━━ Data ━━
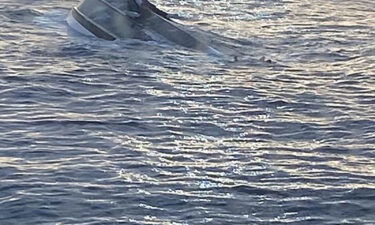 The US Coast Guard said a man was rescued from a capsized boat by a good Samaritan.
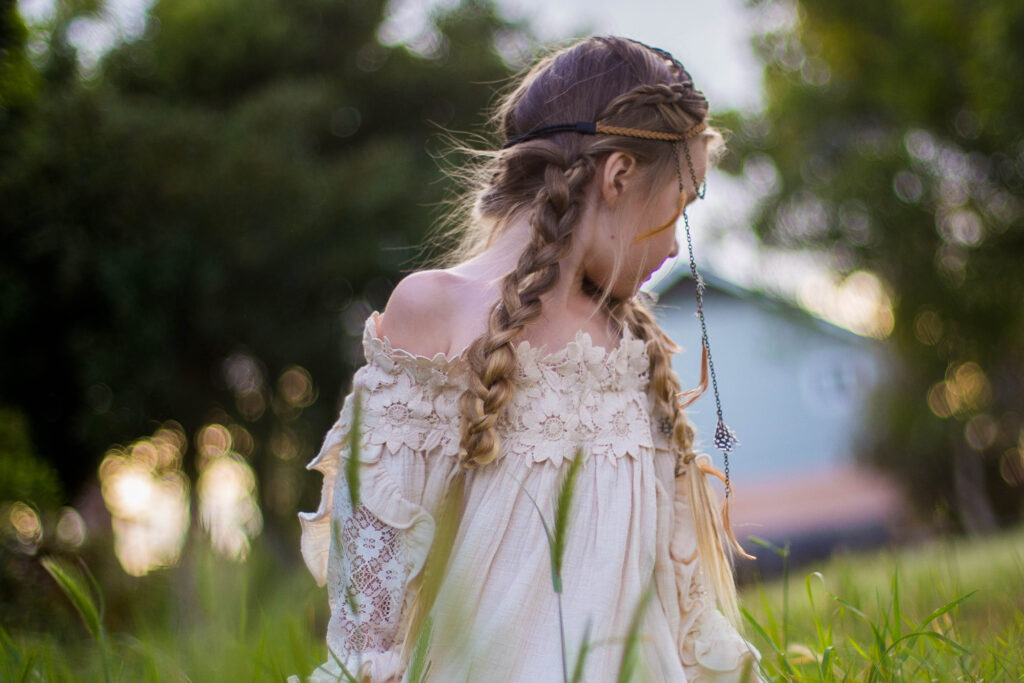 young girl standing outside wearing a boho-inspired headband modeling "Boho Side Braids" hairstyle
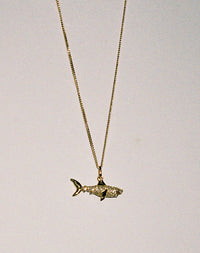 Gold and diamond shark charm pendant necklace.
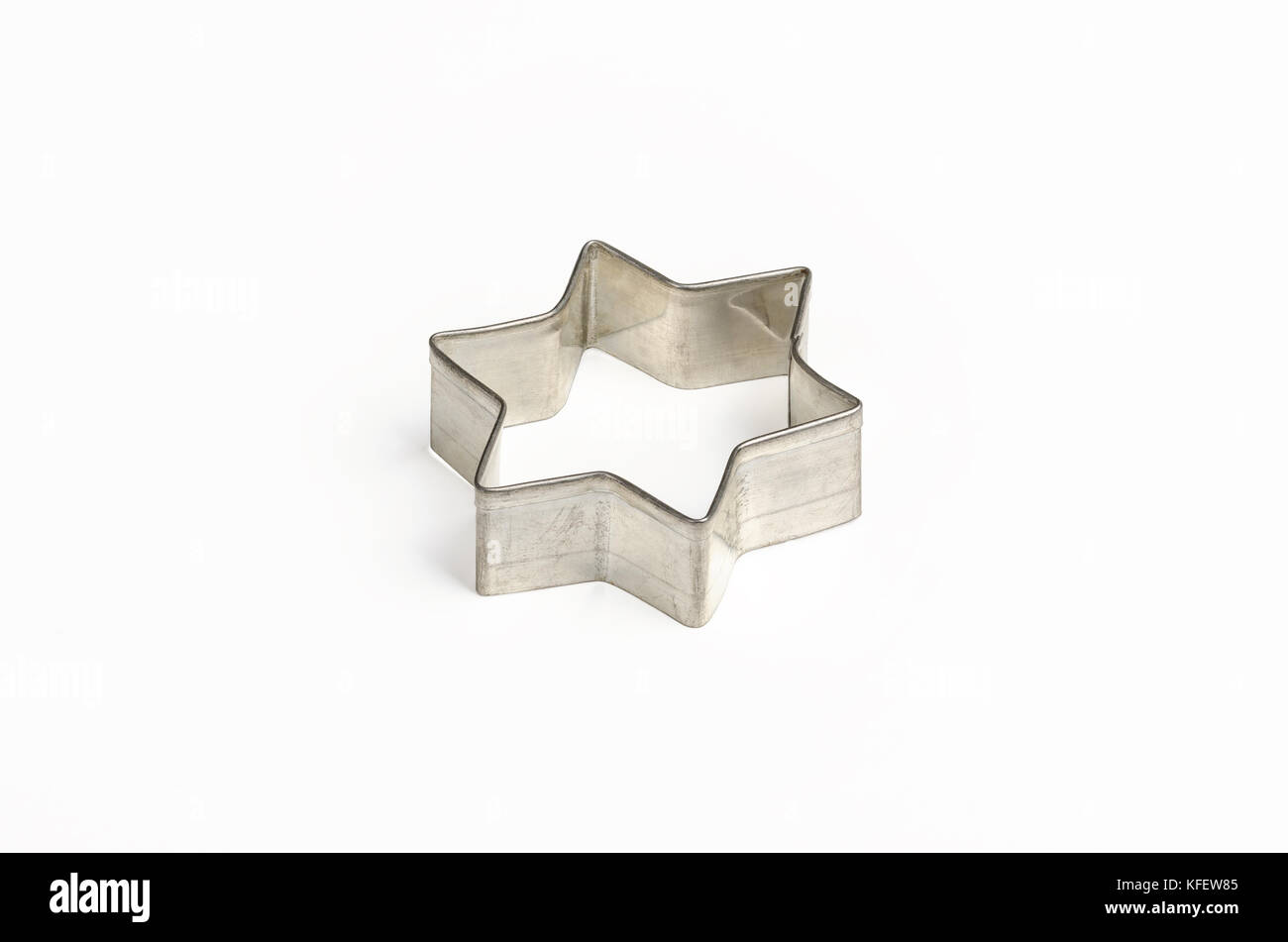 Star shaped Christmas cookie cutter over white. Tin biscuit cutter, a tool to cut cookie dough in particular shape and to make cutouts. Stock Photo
━━━
**What you have to do:**
In the copy, omit the pictures and give every line of the data exactly.

**Response box:**
 The US Coast Guard said a man was rescued from a capsized boat by a good Samaritan.
 young girl standing outside wearing a boho-inspired headband modeling "Boho Side Braids" hairstyle
 Gold and diamond shark charm pendant necklace.
 Star shaped Christmas cookie cutter over white. Tin biscuit cutter, a tool to cut cookie dough in particular shape and to make cutouts. Stock Photo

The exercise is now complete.